Impact of Type 2 Diabetes Mellitus on Sympathetic Neural Mechanisms in Hypertension

Robert J. Huggett MB, BS*, Eleanor M. Scott BM, BS, MD, Stephen G. Gilbey BA, MD, John B. Stoker BSc, MB, ChB, Alan F. Mackintosh MA, MD, and David A.S.G. Mary MB, ChB, PhD

From the Department of Cardiology (R.J.H., J.B.S., A.F.M., D.A.S.G.M.) and Diabetes & Endocrinology (E.M.S., S.G.G.), St James’s University Hospital, Leeds, United Kingdom.

* To whom correspondence should be addressed. E-mail: roberthuggett{at}hotmail.com.

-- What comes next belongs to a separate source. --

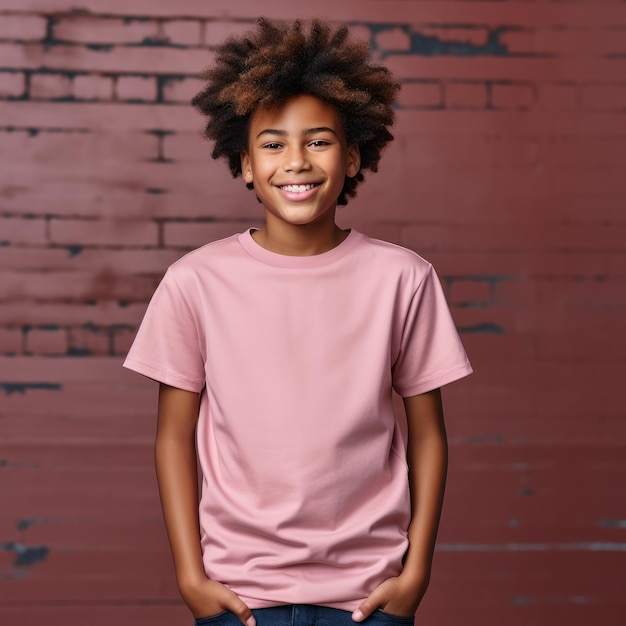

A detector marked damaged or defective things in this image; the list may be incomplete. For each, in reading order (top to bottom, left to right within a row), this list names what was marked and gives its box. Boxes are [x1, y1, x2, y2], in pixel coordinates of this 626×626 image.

Background--Essential hypertension (EHT) is a major cardiovascular risk factor, and the additional presence of type 2 diabetes mellitus (DM2) increases this risk. However, although the sympathetic nerve hyperactivity of EHT is known to play a role in cardiovascular risk, the level of sympathetic nerve activity is known neither in DM2 nor in hypertensive type 2 diabetic patients (EHT+DM2). Therefore, we planned to quantify the vasoconstrictor sympathetic nerve activity in patients with EHT+DM2 and with DM2 relative to that in matched groups with EHT and normal blood pressure (NT).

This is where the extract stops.